So the first week of regionals are over and from what I hear they were quite intense. I’ve had a question about “being in a loading zone” since week 1. So could someone that has been to/participated in a regional please tell me…what was being considered “in”?
from what I could tell at the Bae regional it was a part of the robot touching the triangle
if some part of the robot is touching the triangle you are in the loading zone…not two wheels on either side and the frame hovering over it either…must be touching…
Just put a zip-tie skirt or piece of fabric between the front wheels. We had the small zipties hot-glued about an inch apart with our front cover screwed in over it, and we never got any triangle penalties. At least thats how it was at Sac.

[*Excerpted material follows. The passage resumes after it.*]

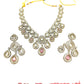 Baby Pink - Medium Size Antique Gold Finish Choki Necklace Set with Earrings - Bollywood - AVON-KU1788  08VT25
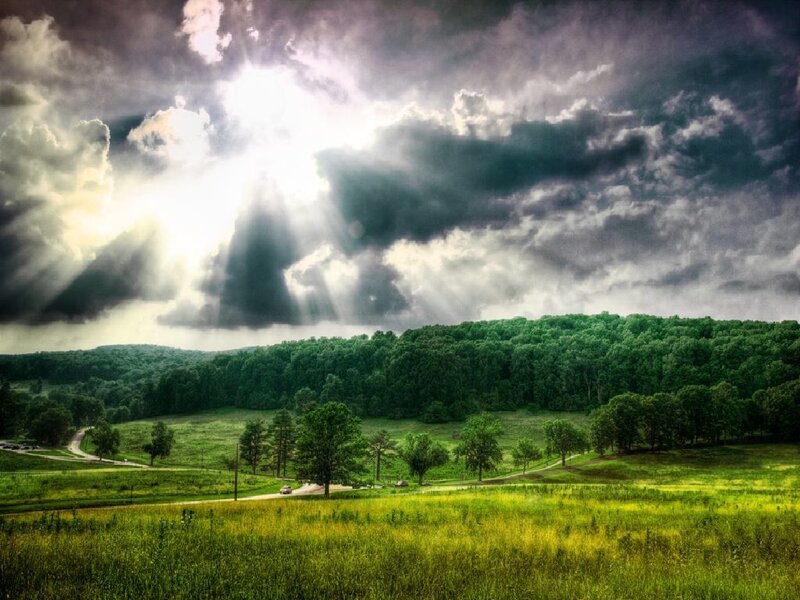 Sunlight Through Storm Clouds — Green, Dramatic, Afternoon, Photograph, Trees, Field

There was a rather large dicussion about “load bearing surfaces” and what being in the loading zone was defined as, in this thread. The best solution to make sure that you are always in is anything that hangs off of your robot within the base, such as zipties. I didn’t actually see a not-in-loading zone penalty at BAE in the matches that I watched, but I am fairly certain the Q & A in that thread is what they based their ruling on.
Make sure that whatever is touching the loading zone is obvious. We got a penalty in our first match even with zipties across the front of the bot. The ref said he didn’t see them.
We decided to use the human loader and have our human player check to make sure we were on the plastic before loading the tetra. If we didn’t have a wheel on the plastic the player ran back to the pressure pad and the driver adjusted the bot location. A 10 point penalty can easily decide a match.
I was at Peach Tree this Saturday (Just watching) and noticed that there was a ref assigned to each pair of loading zones. When a robot “entered” the loading zone the ref would give a “thumbs up” signal. This seemed to work very well. It made the refs an aid to the teams rather than an evil villain waiting to issue penalties. Hats off to the Peach Tree Refs!